**Data records**
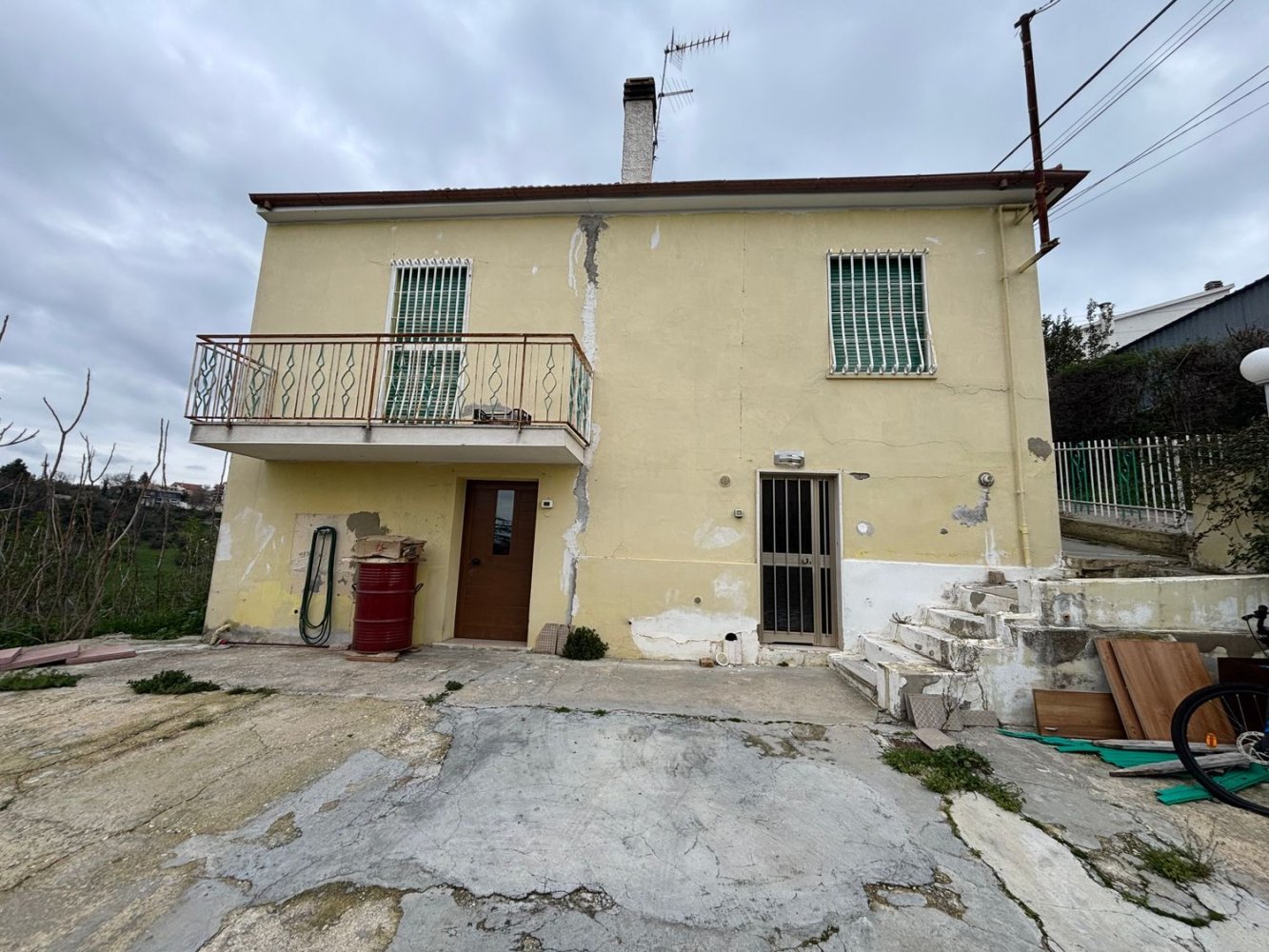 2غرفة منزل في Pianella, Italy رقم 151362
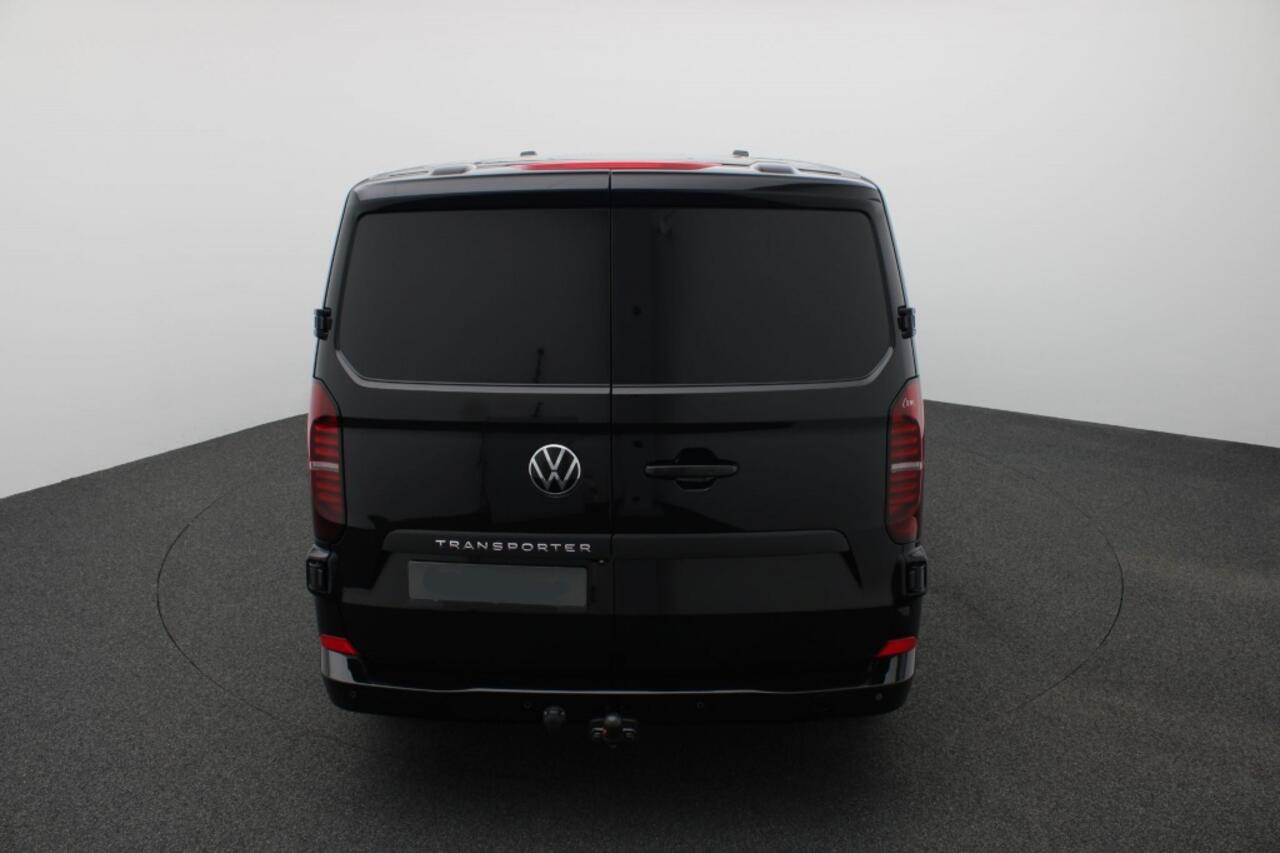 Volkswagen TRANSPORTER 2.0 TDI L2H1 30 Style Automaat | Trekhaak | ACC | LED | 17"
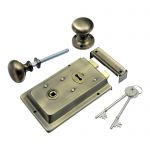 Antique Brass Reversible Rim lock complete with Antique Brass Mushroom Rim knobs (BH1015XL)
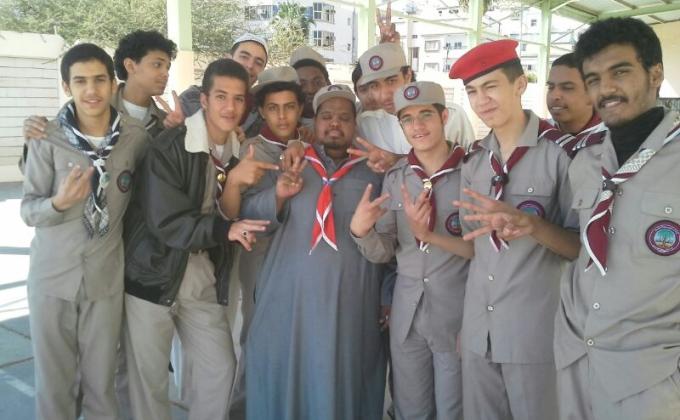 صورة لكشافة ثنوية الأمير محمد مع أحد كشافة طلاب التربية الخاصة 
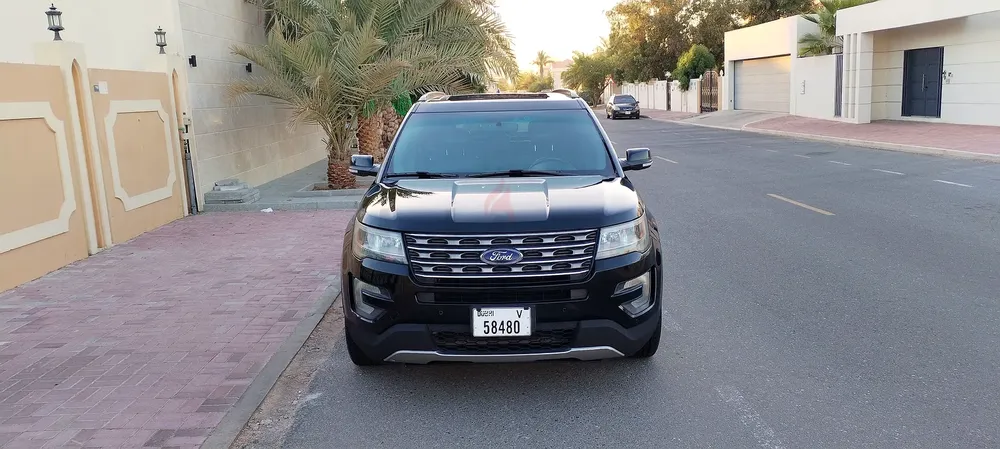 GCC Full Option Explorer, Excellent condition, Well Maintained and used by single expat. Original P - Image 5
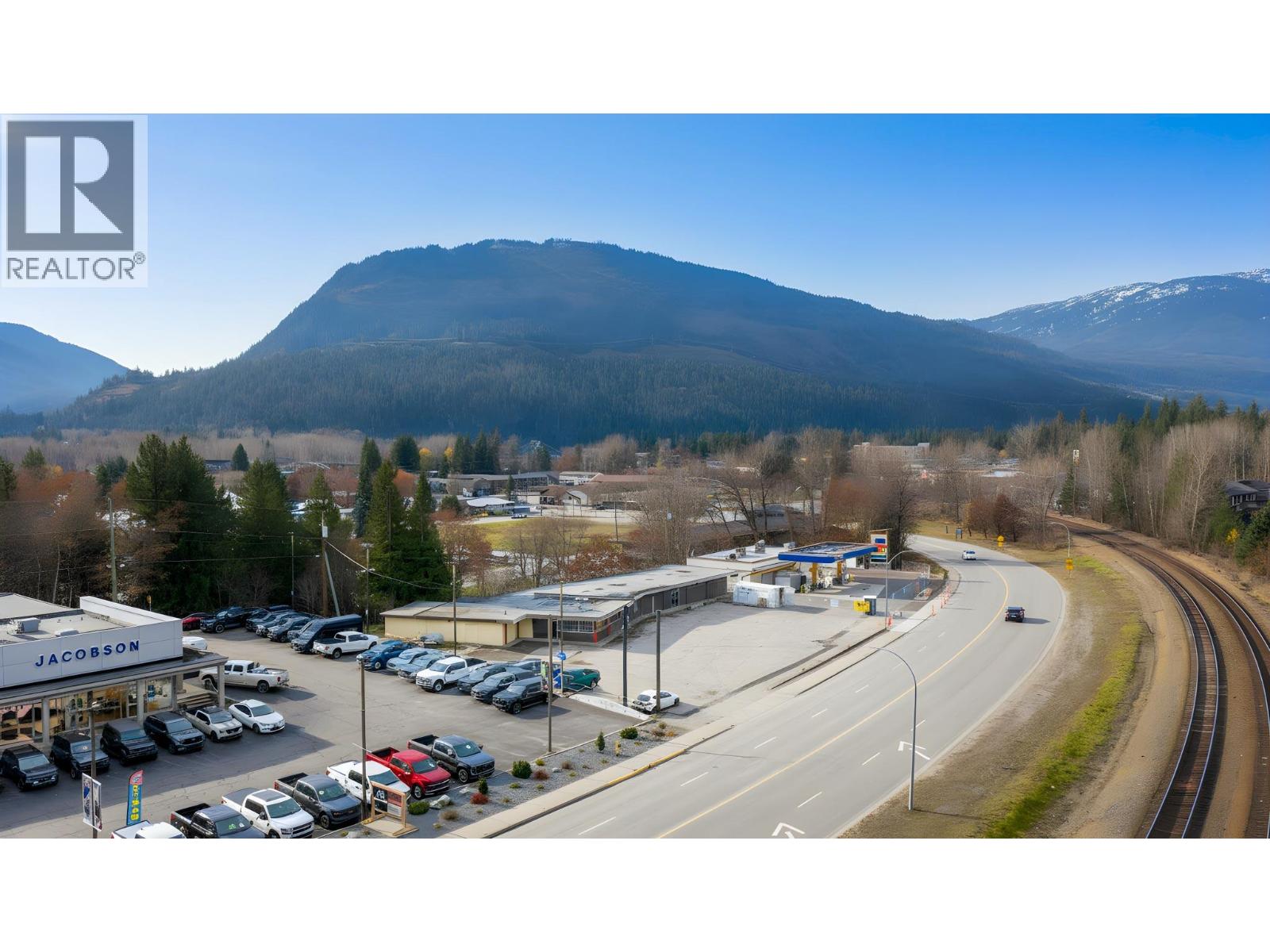 1403 Victoria Road, Revelstoke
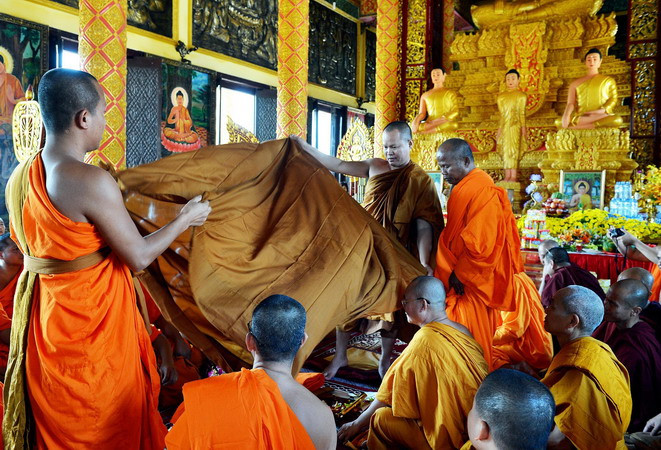 Lễ thọ Y Kathina tại buổi lễ. (Ảnh: Thanh Hà/TTXVN)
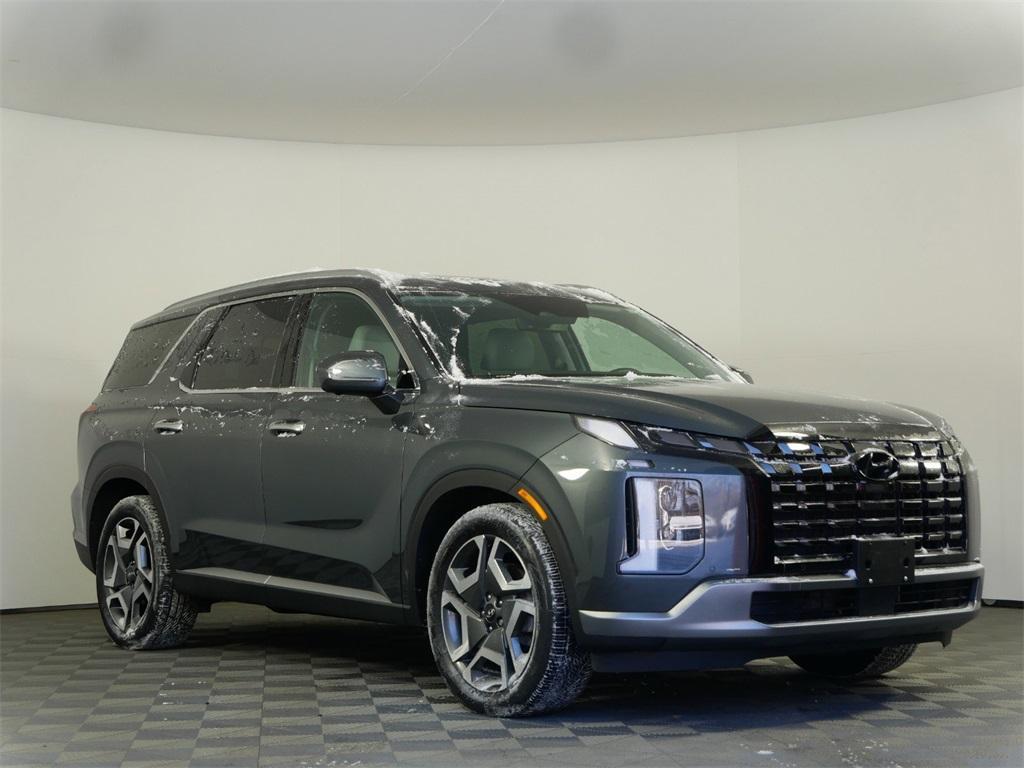 used 2024 Hyundai Palisade car, priced at $37,983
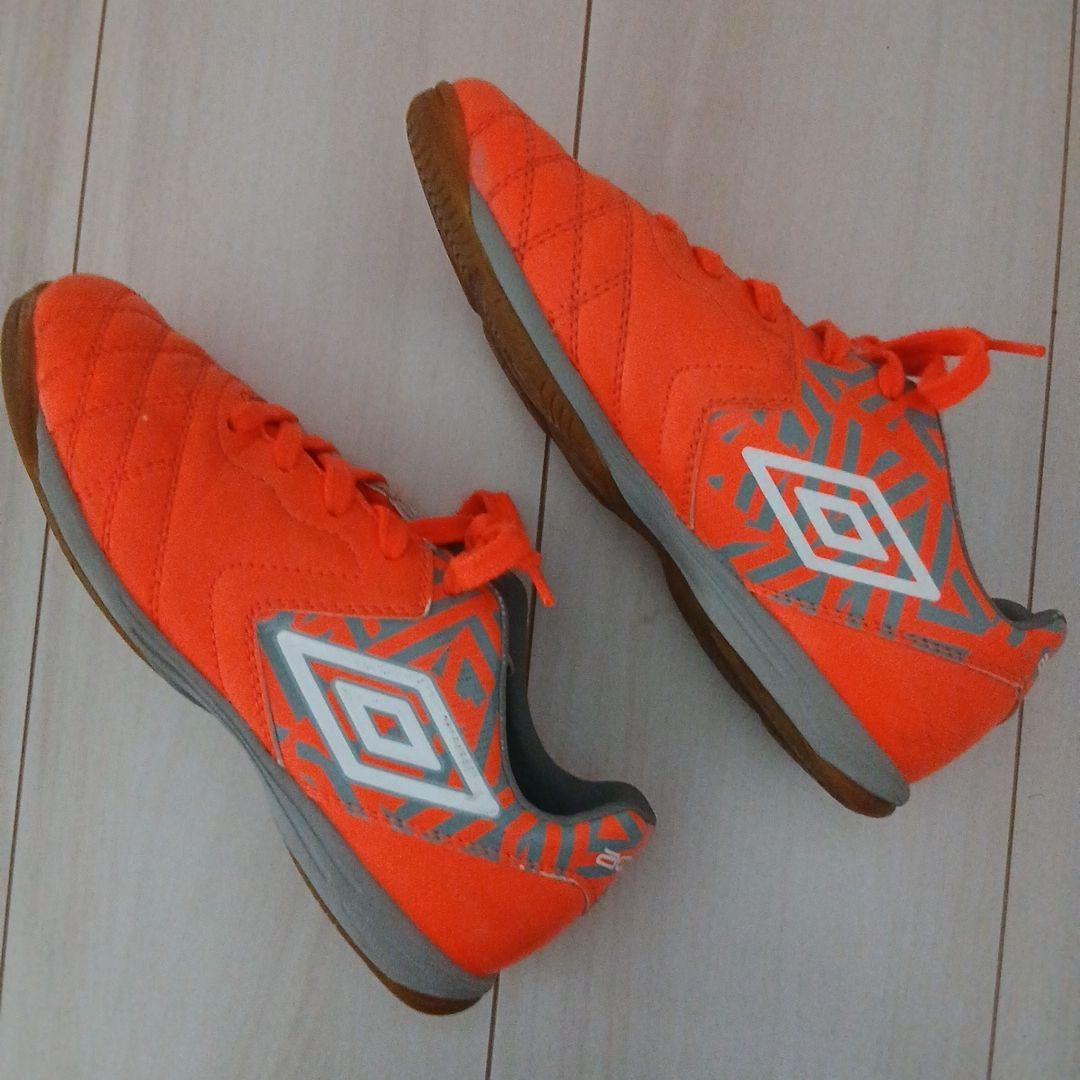 UMBRO フットサルシューズ オレンジ　21.5cm — image 2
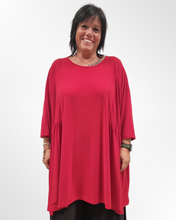 Lade das Bild in den Galerie-Viewer, CNG Oversized Tunika aus Viskose Jersey Gr 40 bis 64 in Rot
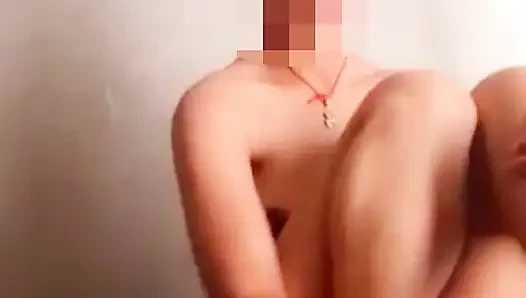 Masturbasi Saat Panggilan Video Dengan Pacar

**Task brief**
Each line of the data is to be duplicated exactly; pictures stay out of the copy.

**Reply to the task**
 2غرفة منزل في Pianella, Italy رقم 151362
 Volkswagen TRANSPORTER 2.0 TDI L2H1 30 Style Automaat | Trekhaak | ACC | LED | 17"
 Antique Brass Reversible Rim lock complete with Antique Brass Mushroom Rim knobs (BH1015XL)
 صورة لكشافة ثنوية الأمير محمد مع أحد كشافة طلاب التربية الخاصة 
 GCC Full Option Explorer, Excellent condition, Well Maintained and used by single expat. Original P - Image 5
 1403 Victoria Road, Revelstoke
 Lễ thọ Y Kathina tại buổi lễ. (Ảnh: Thanh Hà/TTXVN)
 used 2024 Hyundai Palisade car, priced at $37,983
 UMBRO フットサルシューズ オレンジ　21.5cm — image 2
 Lade das Bild in den Galerie-Viewer, CNG Oversized Tunika aus Viskose Jersey Gr 40 bis 64 in Rot
 Masturbasi Saat Panggilan Video Dengan Pacar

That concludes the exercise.